Consider the below dataframe
df:
time |
---|
2022-02-21T11:23:54 |
I have to convert it to
time |
---|
2022-02-21T11:23:00 |
After using the below code
df.withColumn("time_updated", date_trunc("minute", col("time"))).show(truncate = False)
My output
time |
---|
2022-02-21 11:23:00 |
By desired output is
time |
---|
2022-02-21T11:23:00 |
Is there anyway I can keep the data same and just update/truncate the seconds??
The issue lies in the output format of your time_updated
column. When you use date_trunc
, it returns a timestamp
type, which is displayed in the default format (yyyy-MM-dd HH:mm:ss
).
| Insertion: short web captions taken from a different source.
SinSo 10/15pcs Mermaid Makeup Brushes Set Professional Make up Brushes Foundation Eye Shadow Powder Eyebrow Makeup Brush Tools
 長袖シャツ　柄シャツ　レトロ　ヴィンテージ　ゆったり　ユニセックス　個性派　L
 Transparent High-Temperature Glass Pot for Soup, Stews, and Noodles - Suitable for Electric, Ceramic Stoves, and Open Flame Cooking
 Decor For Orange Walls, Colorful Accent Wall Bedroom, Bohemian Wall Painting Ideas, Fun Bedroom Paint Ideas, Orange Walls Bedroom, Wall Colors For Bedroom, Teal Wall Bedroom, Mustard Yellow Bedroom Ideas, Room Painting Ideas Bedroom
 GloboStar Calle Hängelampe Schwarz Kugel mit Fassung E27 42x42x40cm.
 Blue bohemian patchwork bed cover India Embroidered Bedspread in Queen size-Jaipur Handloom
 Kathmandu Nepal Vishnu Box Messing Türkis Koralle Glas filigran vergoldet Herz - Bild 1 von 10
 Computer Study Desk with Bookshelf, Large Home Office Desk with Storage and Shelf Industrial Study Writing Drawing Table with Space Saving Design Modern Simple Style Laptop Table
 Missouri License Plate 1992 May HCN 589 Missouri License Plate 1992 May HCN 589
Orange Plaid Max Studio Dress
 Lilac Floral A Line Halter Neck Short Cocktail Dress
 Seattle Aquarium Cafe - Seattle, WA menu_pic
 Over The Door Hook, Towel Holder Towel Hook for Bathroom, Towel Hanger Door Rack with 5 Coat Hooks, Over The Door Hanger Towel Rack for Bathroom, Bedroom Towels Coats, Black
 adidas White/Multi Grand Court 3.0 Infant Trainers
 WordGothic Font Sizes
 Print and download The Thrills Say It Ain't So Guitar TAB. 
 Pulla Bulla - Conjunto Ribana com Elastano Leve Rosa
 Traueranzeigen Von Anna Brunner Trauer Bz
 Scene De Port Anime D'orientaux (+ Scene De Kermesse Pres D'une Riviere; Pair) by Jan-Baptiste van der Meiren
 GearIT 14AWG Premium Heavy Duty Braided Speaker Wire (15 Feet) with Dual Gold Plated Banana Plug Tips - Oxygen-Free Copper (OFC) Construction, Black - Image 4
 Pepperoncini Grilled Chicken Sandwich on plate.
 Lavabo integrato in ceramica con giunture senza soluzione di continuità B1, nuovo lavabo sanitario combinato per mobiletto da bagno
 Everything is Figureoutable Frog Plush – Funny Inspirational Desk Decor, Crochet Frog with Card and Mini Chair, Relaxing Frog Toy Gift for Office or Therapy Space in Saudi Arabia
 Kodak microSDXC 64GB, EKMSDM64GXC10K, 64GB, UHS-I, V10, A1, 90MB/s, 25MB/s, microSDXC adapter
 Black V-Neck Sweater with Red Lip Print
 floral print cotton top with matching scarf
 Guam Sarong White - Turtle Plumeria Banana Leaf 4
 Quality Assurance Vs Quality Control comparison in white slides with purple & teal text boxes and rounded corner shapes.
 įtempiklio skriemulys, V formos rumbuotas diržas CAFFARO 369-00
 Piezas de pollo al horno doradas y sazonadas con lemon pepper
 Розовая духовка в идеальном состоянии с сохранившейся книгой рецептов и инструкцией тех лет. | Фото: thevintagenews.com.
To match your desired format, you need to explicitly format the output as a string.
Here’s how you can do it:
from pyspark.sql import functions as F
df = df.withColumn(
"time_updated",
F.date_format(F.col("time").cast("timestamp"), "yyyy-MM-dd'T'HH:mm:00"),
)
df.show(truncate=False)
Output:
+-------------------+-------------------+
|time |time_updated |
+-------------------+-------------------+
|2022-02-21T11:23:54|2022-02-21T11:23:00|
+-------------------+-------------------+
You can confirm the schema using df.printSchema()
:
root
|-- time: string (nullable = true)
|-- time_updated: string (nullable = true)